▶ **Task objective**
Below are records; extract exactly the lines from the one containing "this 233×350 image." through the last, both included, and keep the pictures out.

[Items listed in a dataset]
--
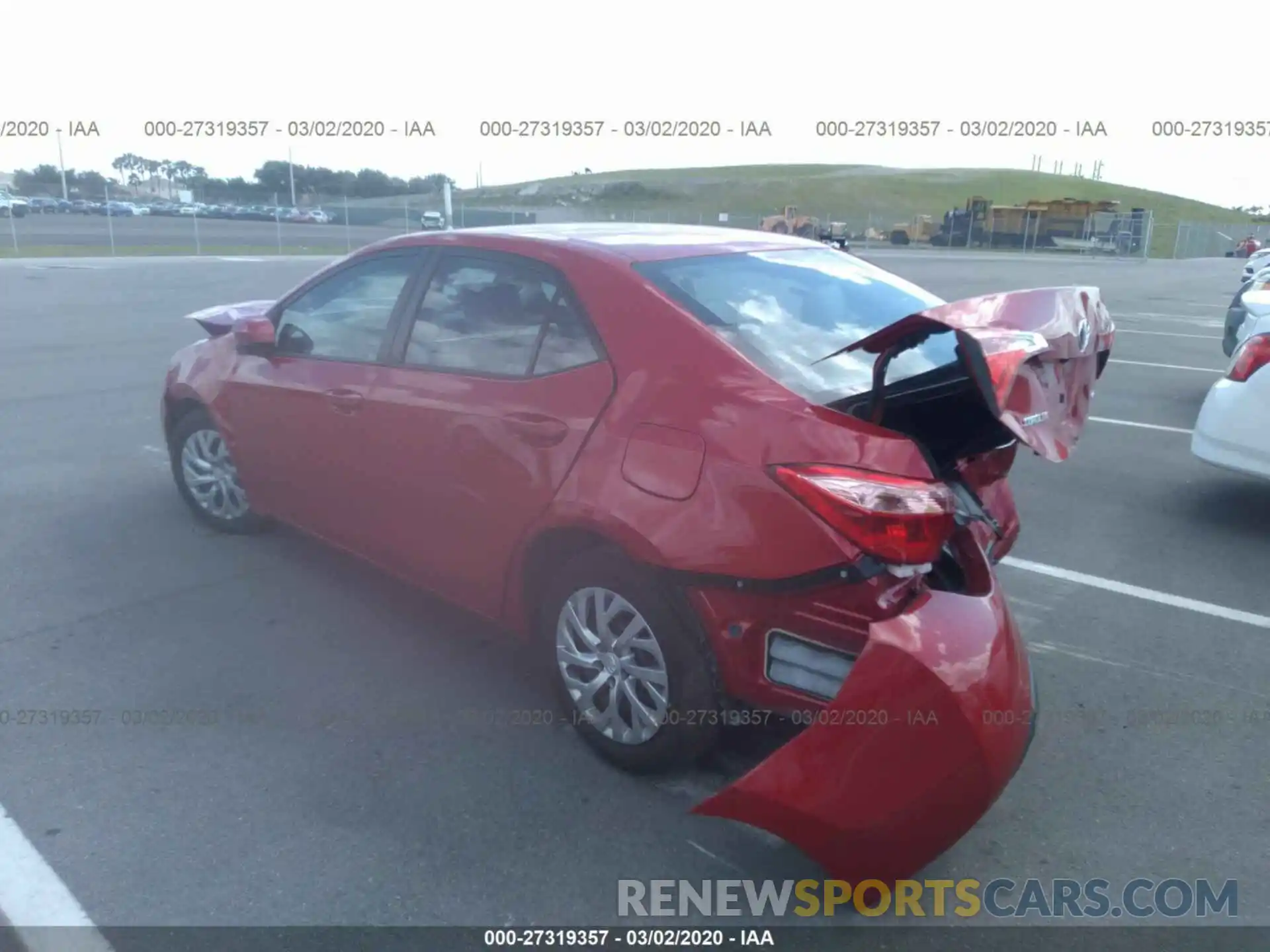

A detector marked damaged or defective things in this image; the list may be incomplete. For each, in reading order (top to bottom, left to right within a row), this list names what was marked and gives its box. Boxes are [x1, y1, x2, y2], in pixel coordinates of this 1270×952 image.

broken tail light [1228, 333, 1270, 381]
broken tail light [773, 463, 952, 566]
rear-end collision damage [683, 287, 1111, 883]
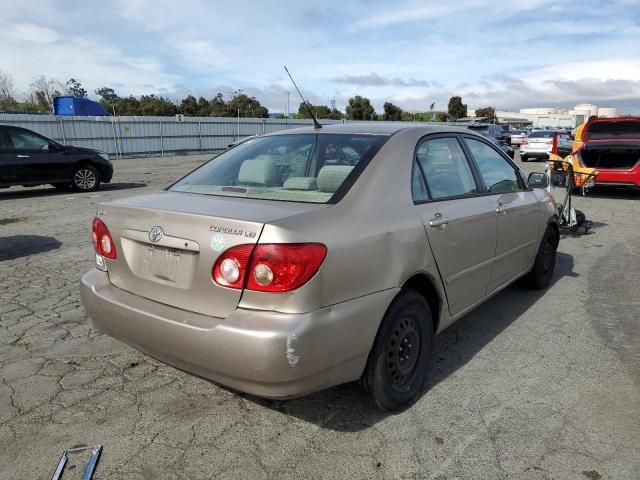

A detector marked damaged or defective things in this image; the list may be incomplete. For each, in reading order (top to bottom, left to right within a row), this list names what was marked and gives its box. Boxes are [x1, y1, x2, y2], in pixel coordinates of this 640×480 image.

rear bumper damage [81, 270, 396, 398]
cracked asphalt [1, 153, 640, 480]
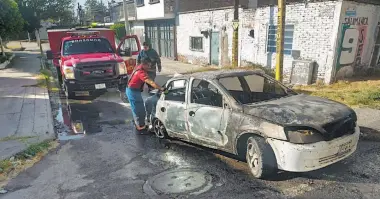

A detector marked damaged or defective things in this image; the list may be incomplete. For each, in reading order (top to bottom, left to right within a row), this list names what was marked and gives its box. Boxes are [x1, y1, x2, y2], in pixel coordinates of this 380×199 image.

burned car window opening [62, 38, 114, 55]
burned car window opening [165, 79, 187, 102]
burned car window opening [190, 79, 223, 107]
burned car window opening [218, 73, 290, 104]
burned white car [152, 69, 360, 178]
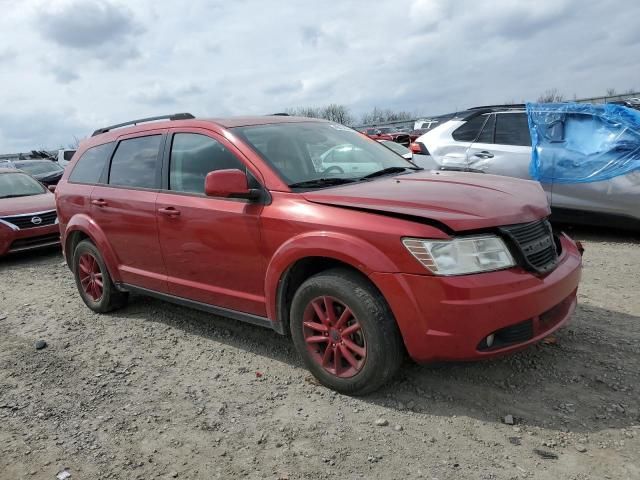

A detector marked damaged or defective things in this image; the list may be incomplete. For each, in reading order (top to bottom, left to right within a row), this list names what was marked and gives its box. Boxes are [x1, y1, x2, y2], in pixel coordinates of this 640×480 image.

damaged hood [304, 171, 552, 232]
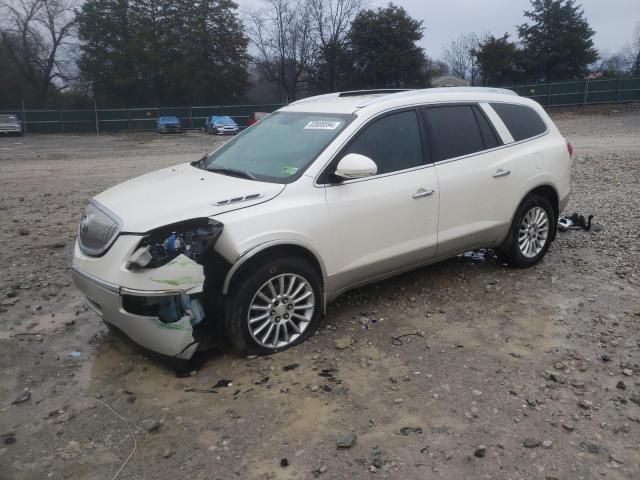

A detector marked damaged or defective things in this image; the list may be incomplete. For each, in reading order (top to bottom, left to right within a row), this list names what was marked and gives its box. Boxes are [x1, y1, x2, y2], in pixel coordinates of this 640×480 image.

broken headlight [126, 218, 224, 270]
crumpled hood [94, 162, 284, 232]
damaged white suv [72, 88, 572, 360]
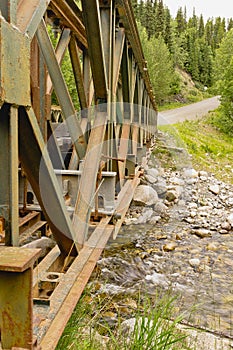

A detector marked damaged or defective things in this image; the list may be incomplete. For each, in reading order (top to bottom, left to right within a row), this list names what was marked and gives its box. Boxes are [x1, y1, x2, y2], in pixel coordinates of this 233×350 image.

rusted metal surface [0, 0, 157, 348]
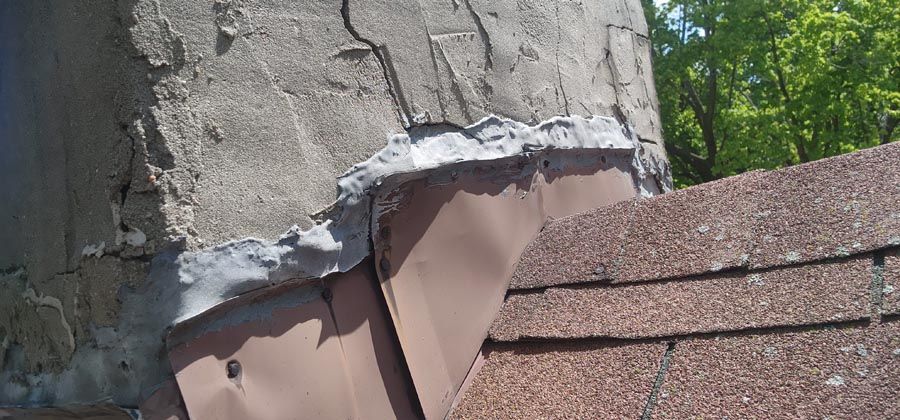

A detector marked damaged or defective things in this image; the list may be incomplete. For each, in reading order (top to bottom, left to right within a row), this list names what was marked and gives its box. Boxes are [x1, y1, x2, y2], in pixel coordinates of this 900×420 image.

cracked stucco surface [1, 0, 668, 408]
crack in concrete [342, 0, 412, 128]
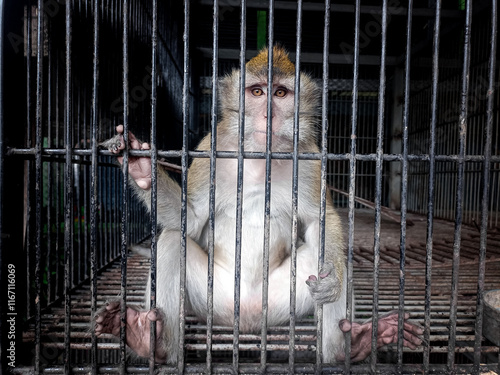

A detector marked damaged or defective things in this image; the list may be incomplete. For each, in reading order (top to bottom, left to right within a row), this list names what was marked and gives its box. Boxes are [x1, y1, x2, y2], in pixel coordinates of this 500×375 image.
--
▶ **Solved exercise**
A detector marked damaged or defective things in this image; the list may be incomplete. For each, in reading order (top to bottom, left to right within a row), this list names what was marked and gives its box. Boxes are [x1, y1, x2, y2], in pixel coordinates of this 233×350 image.

rusted metal surface [0, 0, 157, 348]

A detector marked damaged or defective things in this image; the list may be incomplete. For each, in reading order (top to bottom, left to right within a row), this list names what was marked and gives its box. Boxes are [x1, y1, x2, y2], in pixel coordinates of this 900×420 image.

cracked stucco surface [1, 0, 668, 408]
crack in concrete [342, 0, 412, 128]

A detector marked damaged or defective things in this image; the list may be incomplete. For each, in reading order (top to bottom, left to right within a row), this list names what was marked and gives its box. Boxes are [x1, y1, x2, y2], in pixel coordinates of this 500×375 image.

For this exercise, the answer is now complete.